Landmarks Illinois recently acquired the test kitchen and materials for $1 and, with the help of volunteer professionals from its Skyline Council, disassembled the kitchen and removed it from the former headquarters of the Johnson Publishing Company. A developer purchased the building, located at 820 S. Michigan Ave., in 2017 with plans to convert the former office space into apartments. Landmarks Illinois wanted to ensure the kitchen was not demolished, but preserved for future display or reuse.
The Ebony test kitchen is being safely stored until future plans are made for preserving and presenting it to the public. Landmarks Illinois is forming a short-term advisory panel to help the organization determine these future plans. It is Landmarks Illinois’ goal this kitchen will be reassembled, displayed and interpreted as an exhibit or reused for educational purpose at an appropriate location where its historic integrity will remain intact and its story will be celebrated.

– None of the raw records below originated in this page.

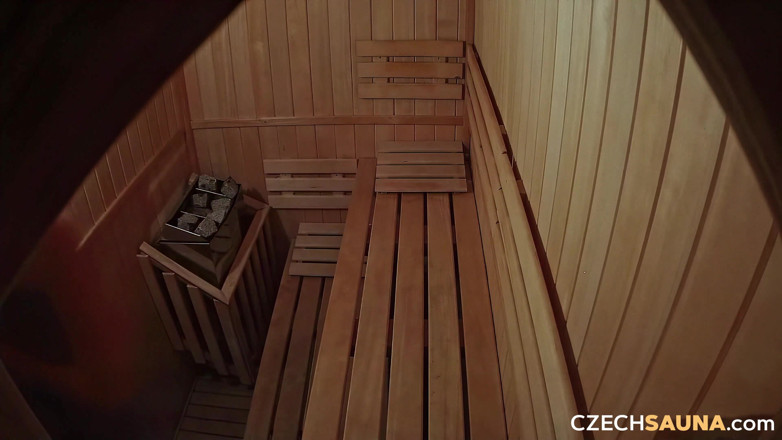 Czech Sauna: Czech Sauna 9: Blonde Hotties Flash Everything in Sauna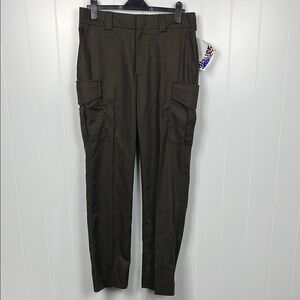 Blauer Womens Tactical Pants 10R Brown Cargo Style Twill Weave Silicone Waist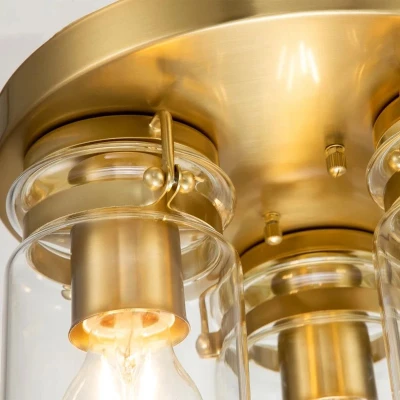 Afbeelding van Kichler LED Plafondlamp Brinley 3X E27 Max 60W Dimbaar Brushed Brass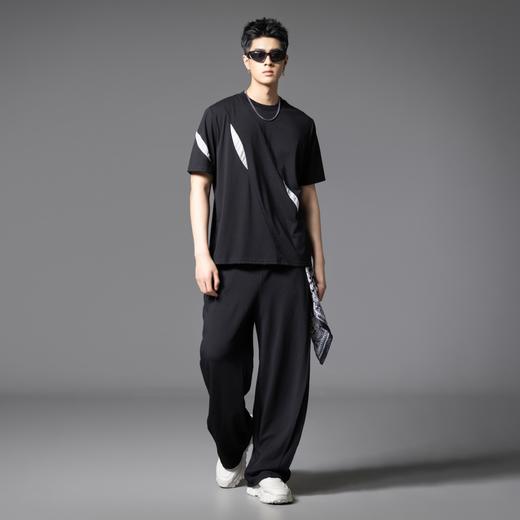 PINLI品立夏季新款潮牌撞色拼接短袖T恤简约宽松休闲男士体恤B252111071 商品图4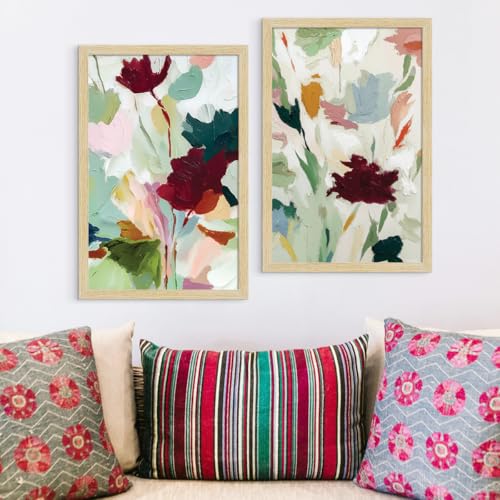 Image of ArtX Abstract Floral Paintings for Living Room, Wall Art Frames for Home Decor, Modern Flower Wall Painting for Bedroom, Office & Interior Decoration, 12x18 Inch, Set of 2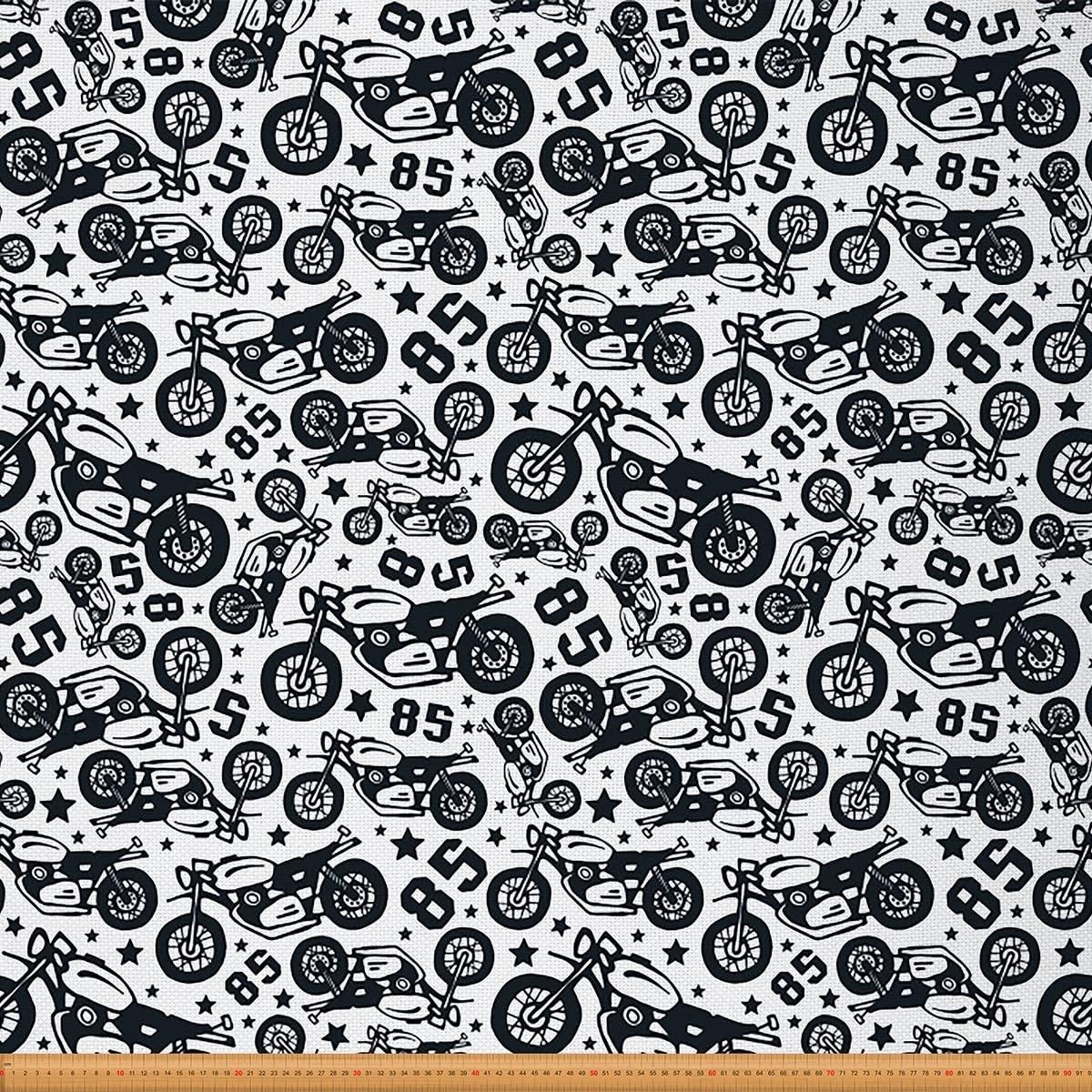 Loussiesd Upholstery Motorcycle Fabric by The Yard,Extreme Sports Fabric for Upholstery and Home DIY Projects,Retro Motorbike Drawings Waterproof Outdoor Fabric,2 Yard,(L184*W150cm) Black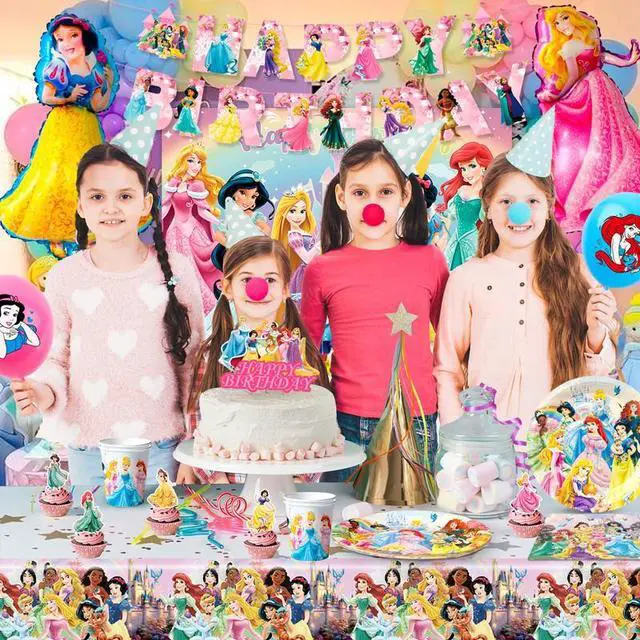 Alt view image 4 of 7 - Princess Birthday Party Supplies, 116 Pcs Princess Party Decorations & Tableware Set - Princess Party Plates Cups Tablecloth & Princess Balloons Banner Backdrop etc Princess Decorations for Birthday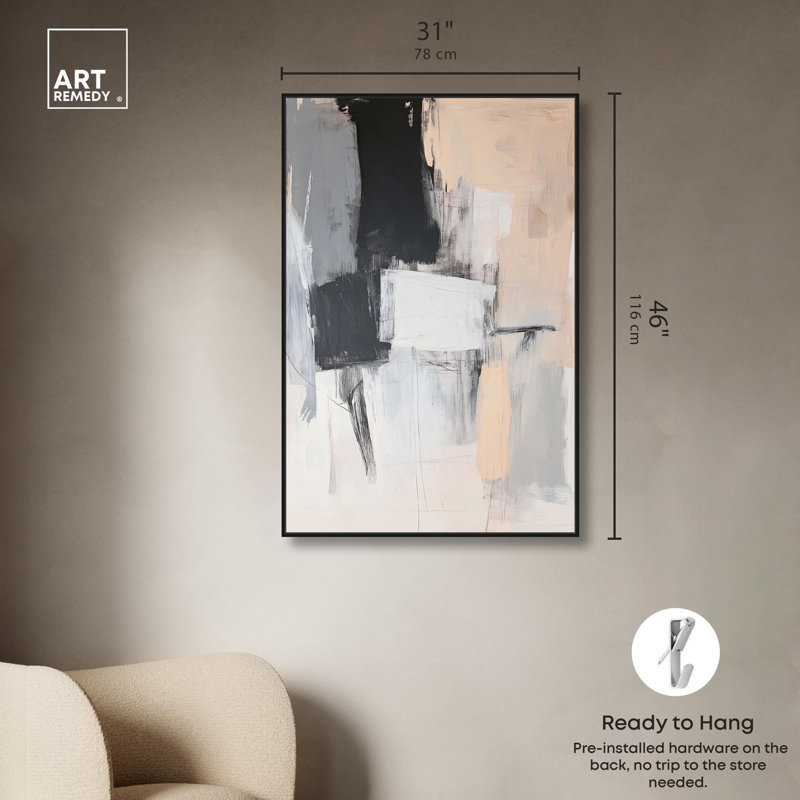 «Dusky Blush», art abstrait sur pierre par Art Remedy, H 16 po x l 11 po x P 1,2 po, Cadre noir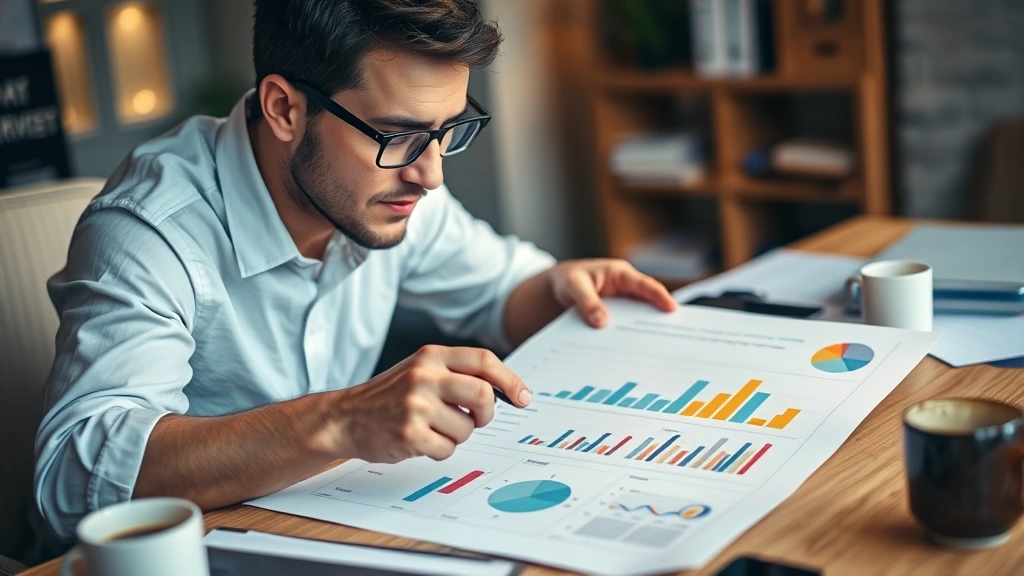 Individual reviewing notes and progress charts on paper, thoughtful expression, coffee nearby, organized workspace, warm ambient lighting, moment of reflection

“Landmarks Illinois looks forward to working collaboratively with our advisory panel and with potential future partners who share a vision for preserving this culturally significant piece of history from the country’s most influential African American publisher of its time,” said Bonnie McDonald, President & CEO of Landmarks Illinois.
The Johnson Publishing Company Building was completed in 1971 and designed by African American architect John Warren Moutoussamy. It was the former home to Jet and Ebony magazines – publications that shared inspiring stories of African Americans – until the Johnson family sold the building in 2010. The Ebony fourth-floor test kitchen is where Editor Charlotte L. Lyons would test meals before adding them to Ebony’s monthly feature, “A Date with a Dish.”
The Johnson Publishing Company Building was designated a Chicago Landmark in November 2017, for which Landmarks Illinois advocated. The landmark designation protects the building from demolition, but does not protect its interiors.